Stop confusing Mass and Weight.
Stop calling a weight or force a Mass and stop calling a mass a weight
tidy up your equations so that G isn't being put in and then taken out again in every other line.
I get:
B3 = 9810 N
B10 = 14172 N
B11 = 1.44 (stop quoting too many places!!)
B12 = 14172 N
B13 = 2953 N
B14 = 10629 N
B15 = 75%
B16 = 5315 N
After this your wishbone force analysis is wrong. You need to think about how you are resolving the loads that you calculate in B16 and B21 to give
the answer in B25.
I get a force on the lower wishbone of 11123 N and a force on the upper wishbone of 5809 N.
The forces don't seem to be dealt with in a clear way from then on. You have calculated the forces on each arm of the wishbone but you use the
total force on the the wisbone in your stress due to offset calcs.
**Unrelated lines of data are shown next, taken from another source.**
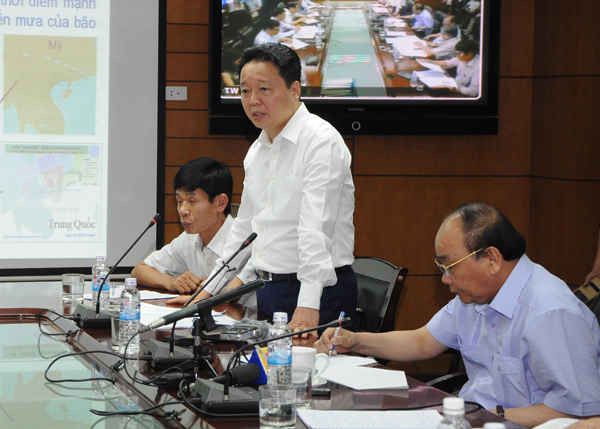 Bộ trưởng Trần Hồng Hà báo cáo với Thủ tướng tình hình ứng phó với bão số 3 của Bộ TN&MT nói chung và công tác dự báo của Trung tâm KTTV Quốc gia nói riêng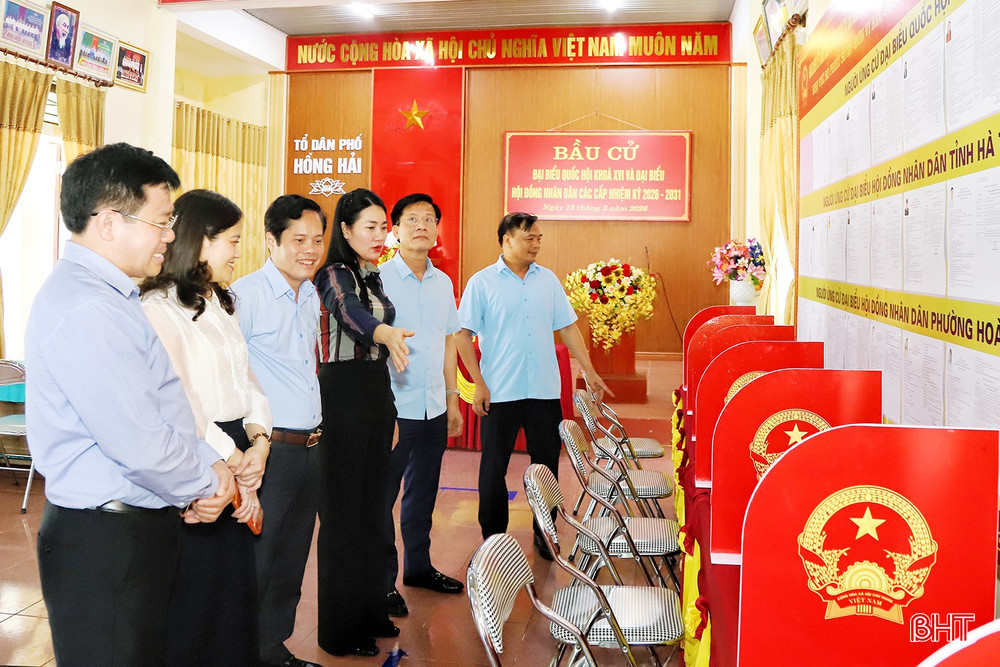 Tại phường Hoành Sơn, đoàn đã kiểm tra khu vực bỏ phiếu thuộc TDP Hồng Hải.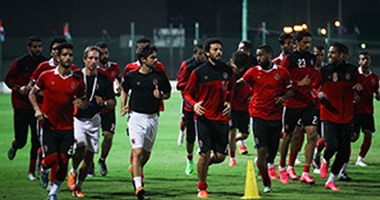 الأهلى يتحدى الصفاقسى فى ودية "تحسين الصورة" بالإمارات.. بيسيرو يحاول الهروب من "لعنة" الإصابات.. الجهاز الفنى يُعدد مكاسب المُعسكر.. وعبد الحفيظ يؤكد: الاستفادة المعنوية لا تقل عن الفنية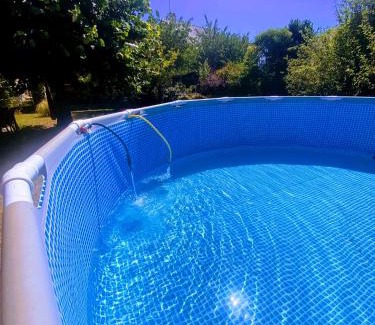 Morton House | CENTER PARCS à 5min - Idéal Familles & Groupes - 3 parkings - Piscine - Jardin clos - Au calme - Châteaux de la Loire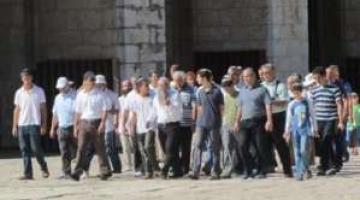 أكثر من 60 مستوطناً يقتحمون المسجد الأقصى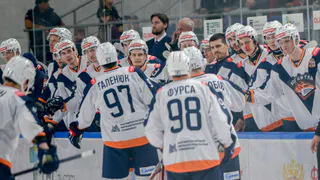 Хоккеисты "Магнитки" уступили "Горняк-УГМК" в гостевом матче, пропустив две шайбы в концовке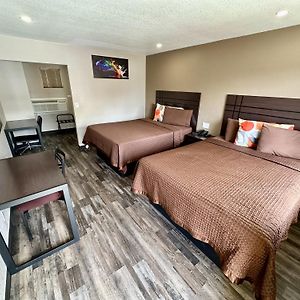 Standard Room 2 Queen Beds Non-Smoking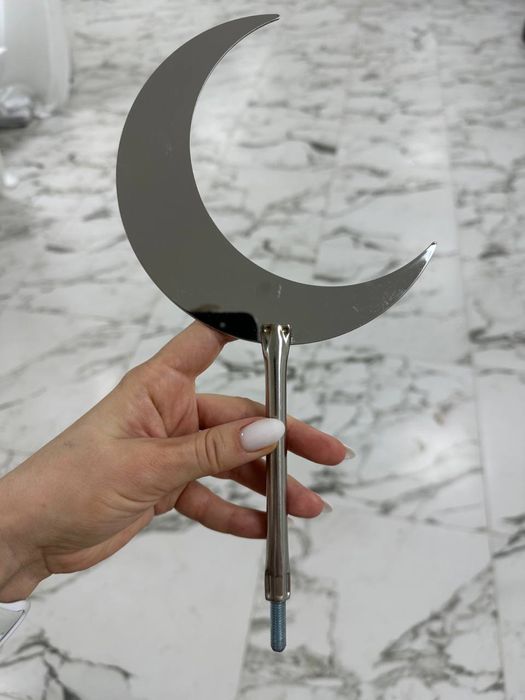 Полумесяц на могилы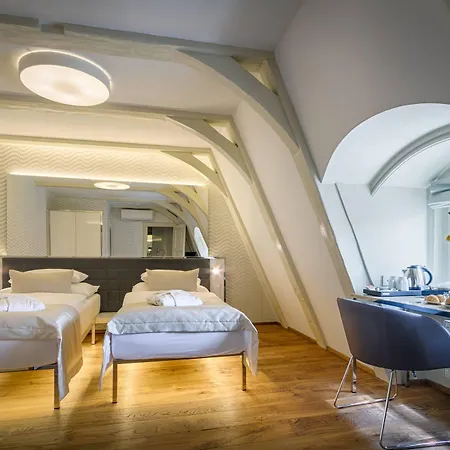 Hotell Golden Star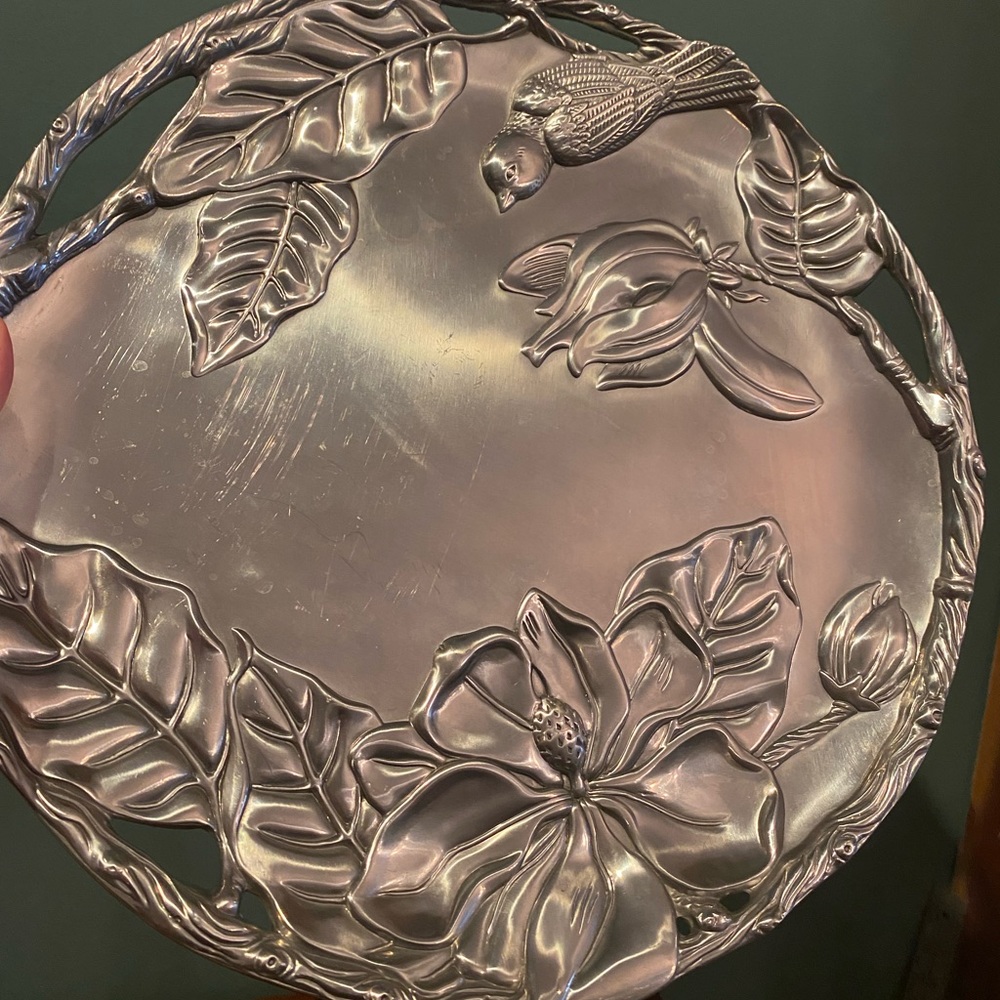Arthur Court - Magnolia and Birds 12” round plate - Picture 6 of 6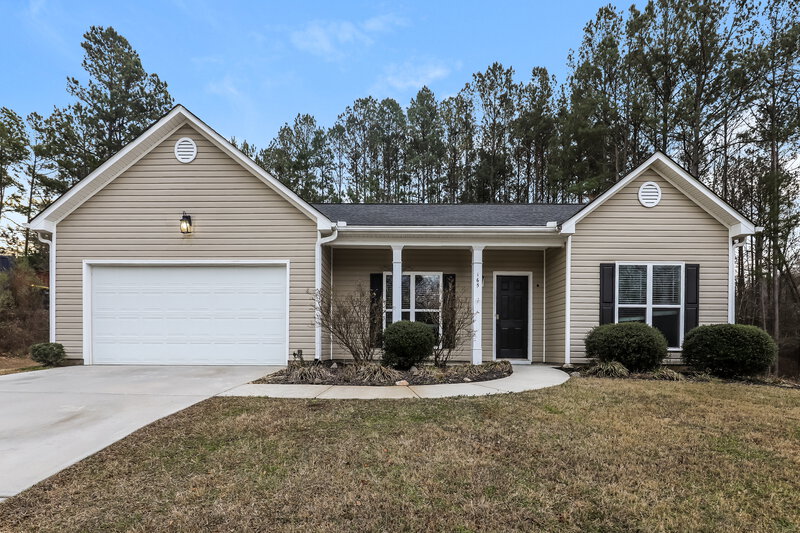 2,100/Mo, 165 Spring Cir Senoia, GA 30276 External View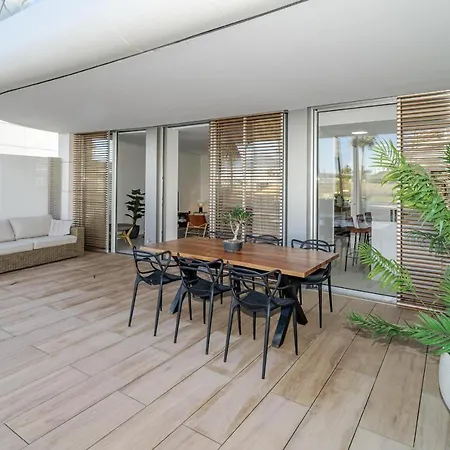 Te- Luxury Resort, Front Line Beach, Families Only Apartment Estepona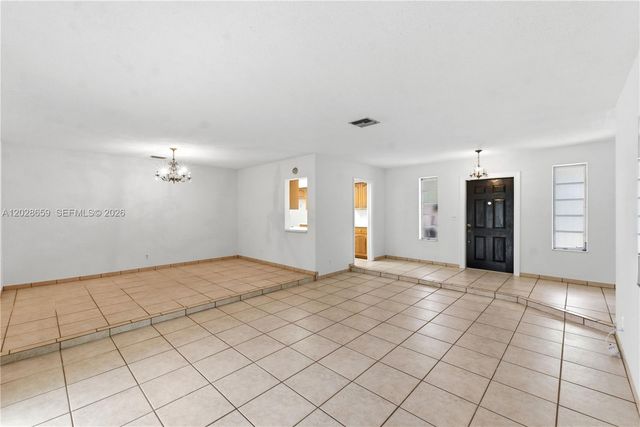2210 N 52nd Ave, Hollywood, FL 33021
The very high stresses in the wishbone tubes are usually mitigated by reinforcing the damper mounting position. Note that in the locost design this is
done by welding on a substantial plate to the lower wishbone outer end.
Thanks for all your feedback guys, it's very much appreciated!
As for fee's if your at stoneleigh sunday I'll buy you a beer
Havn't had the chance to go over it today due to workload but since it's due in next thursday I'd better get me arse in gear!
Thanks again. you've all been very helpful!
I happen to be at Stoneleigh on Sun, but i don't think it's possible to buy beer in small enough quantities, and i'm off beer due to massive workloads and Uni deadline.